The Maturing of the PMO

Typically, an organization begins the methodology/maturity progression process.

with the formation of a small Project Management Office (PMO) whose first task is to formulate the organization’s PM methodology and associated tools, forms and templates. In the engineering/capital project management industry, the methodology typically will be a Stage Gated or Phased model. Typical phases are:

Phase 1 – Feasibility or Business Planning
Phase 2 – Conceptual Engineering or Facility Planning
Phase 3 – Schematic Engineering or Front End Engineering
Phase 4 – Execution or Detailed Design/Construction
Phase 5 – Closeout or Start-up/Transfer of Care, Custody & Control

The methodology development process generally begins with organization-wide structured interviews. These interviews are used to ascertain cross-functional requirements for all project types, sizes, and current organizational best

management practices. Therefore, the methodology becomes a business model, not just a PM process. This task is imperative as the methodology must integrate strategies and policies regarding critical deliverables, mandated project reviews, and financial procedures (estimate accuracy per phase, budget development, contingency procedures and the project approval process).

Generally, once the methodology is developed, the PMO begins to expand its ranks and begins an initiative to roll out training for the methodology. The PMO will also identify pilot projects for the new methodology and procedures. In order for the methodology to be accepted, a congruent stance from key senior executives must be achieved.
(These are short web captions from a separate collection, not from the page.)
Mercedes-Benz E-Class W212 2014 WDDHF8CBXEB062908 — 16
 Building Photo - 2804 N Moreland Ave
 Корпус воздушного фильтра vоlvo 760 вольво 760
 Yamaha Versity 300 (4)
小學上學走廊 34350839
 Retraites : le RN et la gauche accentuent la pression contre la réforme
This mandating of the methodology will generally receive a fair level of compliance; especially if the project’s financial approvals are directly tied to methodology compliance.

The financial policies must be in harmony with timely and realistic approval of projects and the establishment of estimating accuracy and contingency practices (lean contingency). This lean contingency is predicated on the methodology requiring scope-based solid Front End Loading (FEL) deliverables which allow for the contingency levels to be on the lean side.

Typically, FEL costs are 4-6% of the total project cost, or engineering costs of 25-30% have been expended by the end of the FEL phases in order to reach a control estimate (generally +/- 10%). This is consistent with current benchmarking data.

Commitment to the methodology is another matter entirely and is dependent on the level of service that the PMO exhibits. The new PMO must consistently show up as a “customer-focused entity” if it is to assist in the necessary task of culture shifting (from ad hoc to more formal processes). The PMO is generally the steward of the methodology and the training program.

Eight Steps in the Maturity of the PMO

The following steps are common (basic) in the progression of the PMO’s maturity, which typically occurs over a two to three year period:

  1. Form the PMO and develop the methodology (web based).
  2. Develop the PMO website to house the methodology and initial tools, templates, project review procedures, approval processes, etc.
  3. Develop and roll out the methodology training program or utilize the methodology on a chosen pilot project first. (Most organizations don’t have the luxury to do this ahead of the methodology training).
  4. Establish PMO controls function (estimating, scheduling and project controls). These folks will generally participate in the FEL phases and then transition the function over to the project team as the execution phase begins.
  5. Control folks begin to gather project data and develop Key Process Indicators (KPIs) for utilization in benchmarking efforts.
  6. PMO develops a relationship with a benchmarking entity and a third party estimating entity for project reviews and validation of the project methodology.
  7. PMO members coach and mentor junior project resources. PM skills training programs are developed for PM progression and competency advancement.
  8. Leverage current PM technologies (web based, document management, PM enterprise tools, databases [estimating, risk, lessons learned, etc.]) to streamline the management and data gathering functions which will assist in real time continuous improvement.

These steps are general in nature and each can be broken down to definitive elements that are required to develop a level of PM and PMO maturity. These steps may vary based on the requirements of the specific business/industry.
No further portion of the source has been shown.